Since 2011, more than 210,000 people have been killed in Syria, and over 800,000 injured. Daily horror has become commonplace. Syria is like hell on earth—and no statistic can reveal the mental anguish caused when one’s country becomes a war zone.
The death toll means that about 140 people die each day. It’s essentially a Paris attack every single day over the past four years. Understandably, four million Syrians have left their country as a result. More than eight million have left their homes and live in other parts of Syria. Syrian refugees have left Syria to escape exactly what happened in Paris.
Now more than ever, it is critical that we take in refugees. The U.S. must showcase moral courage, humanitarian strength, and global leadership in accepting these vulnerable people. Like us, the Syrian refugees fear terrorism and want to protect their children and families. Let’s recognize their pain and welcome them into safety on American soil.
Those calling for a moratorium on Syrian admissions due to security concerns must recognize the stark differences between the U.S. refugee screening process and that of the European Union. It’s true that the EU system may be susceptible to extremists, but the U.S. system is vastly more difficult to infiltrate. It’s so difficult that since the launch of the program in its current form in 1980, no terrorist has acquired refugee status and carried out a successful attack.
No traveler to the U.S. is more carefully screened than a refugee, the state department said this year. U.S. refugee screening includes multi-layer and multi-agency federal intelligence databases including the Department of Defense, the FBI, Department of Homeland Security, State Department, National Counterterrorism Center, and more.

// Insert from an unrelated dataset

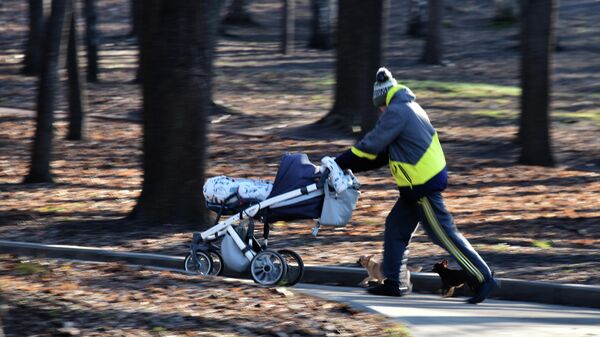 Мужчина с детской коляской гуляет по парку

The process, which takes up to three years to complete, and involves in-person interviewing via specifically trained DHS officers. The Paris attacker with his fake passport would not receive refugee status if he applied in the U.S.
In the U.S., a potential terrorist would have to pass through the multitude of screening layers to arrive in the U.S. In Europe, a potential terrorist could arrive via boat in Greece and make their way through the EU. There is a substantial difference.
So how should the U.S. react to the horrible events of last week?
First, we should not close the borders for both humanitarian and strategic reasoning. The price of closing ourselves off to the world is a much more dangerous proposition than accepting Syrian refugees. One of the easiest ways to disenfranchise Syrians who want to come live in the U.S. is to reject their families and leave them in harm’s way. Nor is it a viable option to stick them in a squalid and underfunded refugee camp for years.
These two options do more to produce radicalization then bringing them to the U.S. to experience and contribute to the world’s largest economy and most open society. We only embolden the terrorists when we reject Syrians, turning potential allies into possible extremists.
Second, the UNHCR has referred more than 20,000 Syrians to the U.S. for resettlement. We should accept every single one of them — Muslims included, of course. The U.S. should welcome refugees fleeing radical Islam and ISIS with open arms. In the fight against ISIS, recruiting allies should be paramount. There is no better way than to accept the very people they seek to kill every day in Syria.
Let’s remember how we accepted hundreds of thousands of refugees from Cuba that were fleeing the evils of communism. Or the Vietnamese. Or the Iraqis. Or the Soviets. Or we can remember when we rejected a ship of Jewish Germans who traveled back to the Nazis where half of the passengers were killed. We can be on the right or wrong side of history. It’s entirely our choice right now.
The Paris attacks happen every single day in Syria. Millions are fleeing because of it. The U.S. must remain the humanitarian leader it claims to be by accepting refugees and trusting our multi-layered, multi-agency, multi-year refugee vetting process. We can both ensure safety and welcome refugees. Despite our natural fears over terror, anything short of significant Syrian refugee resettlement is to abandon the American way.